* **What this task involves**
Pictures are to be left out. Return exactly the lines below from the one with "An aerial view" up to and including the one with "a man in a suit".

* **Data supplied**
..............................

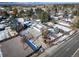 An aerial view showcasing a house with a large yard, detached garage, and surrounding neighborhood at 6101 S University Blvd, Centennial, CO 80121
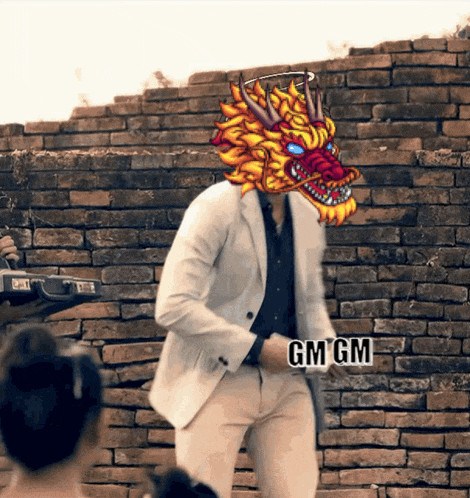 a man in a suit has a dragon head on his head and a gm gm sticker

..............................

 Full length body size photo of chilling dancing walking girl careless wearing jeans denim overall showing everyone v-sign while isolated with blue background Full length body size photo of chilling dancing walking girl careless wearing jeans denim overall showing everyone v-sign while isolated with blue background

..............................

* **Solution below**
 An aerial view showcasing a house with a large yard, detached garage, and surrounding neighborhood at 6101 S University Blvd, Centennial, CO 80121
 a man in a suit has a dragon head on his head and a gm gm sticker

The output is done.